Before anyone else reacted, Azure-Laubmann said Dumas flew out of the truck they were in and took charge of the scene, performing CPR on the injured woman and telling nearby bystanders how they could help.
“She checked with the lady to see if she was still breathing and she started talking to her, telling her not to move,” said Azure-Laubmann. “She got everybody that was there doing their roles in medical first aid … she got them to call 911 and she got the guys to look for a board to put the lady on.”
Dumas later told the Nickel Belt News that this woman, who is a mother of three and around 30 years old, risked serious spine and neck injuries after sustaining such a serious crash.
“She must have been carrying groceries with her one arm and driving the quad, because the groceries were all over the ground,” she said. “I put her on a backboard, made sure there was no further damage to her spine and then jumped in the back of a diesel truck and brought her to the nursing station.”
The Gods Lake Narrows resident was eventually medevaced to Winnipeg for further treatment.
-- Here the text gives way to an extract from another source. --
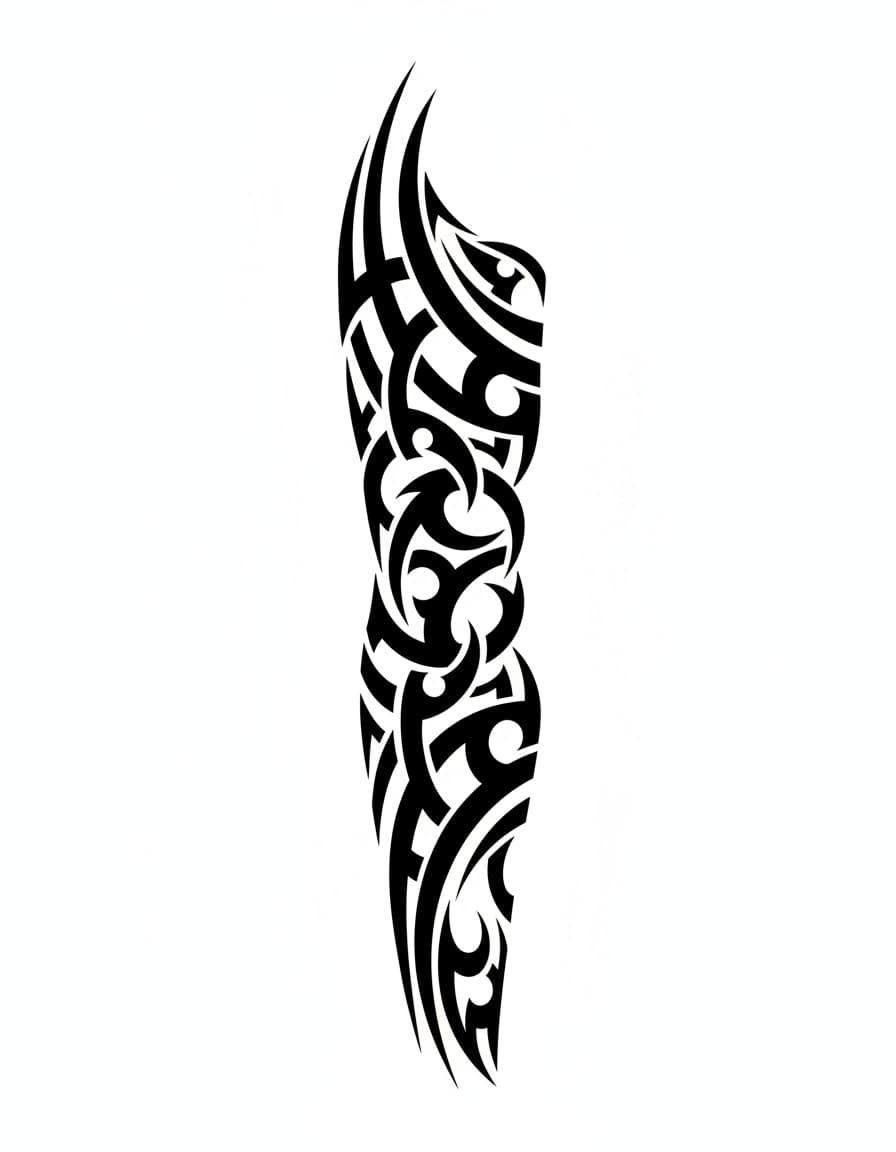 Tribal Half Sleeve Temporary Tattoo — view 1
KTC was later told that she survived the incident and is doing well.
“If things didn’t happen the way that they did I believe this woman would have died,” said Azure-Laubmann. “I can’t say enough about Echo and the job that she does as an emergency response worker.”
For her heroic actions, KTC CEO George Neepin and director of health John Spence presented Dumas with a star blanket during Friday’s ceremony.
Spence also mentioned that this isn’t the first time that Dumas has saved a life, since part of her role at KTC is to visit isolated Indigenous communities and teach the residents how to perform first aid. This training paid off in a tangible way in Brochet a couple years ago when someone almost drowned during a fishing expedition.
“The people she trained saw the incident and they ran to go revive him and saved his life,” said Spence. “So because of this training she’s making a big impact on the community.”
Neepin went on to say that Dumas’s actions are emblematic of KTC as a whole, since their mission statement is to protect the well-being of 11 northern First Nations, including instances when a community like Gods Lake Narrows experiences an ongoing health crisis.
“When the call comes in we’re there … not two or three days after. We’re one of the first ones on the ground and that’s our primary goal: to serve our communities. And I’d like to thank Echo and John and all our coworkers for the fine job they’re doing.”
Dumas said she started working for KTC as a dispatcher in 2015 and has almost 10 years of first aid training under her belt.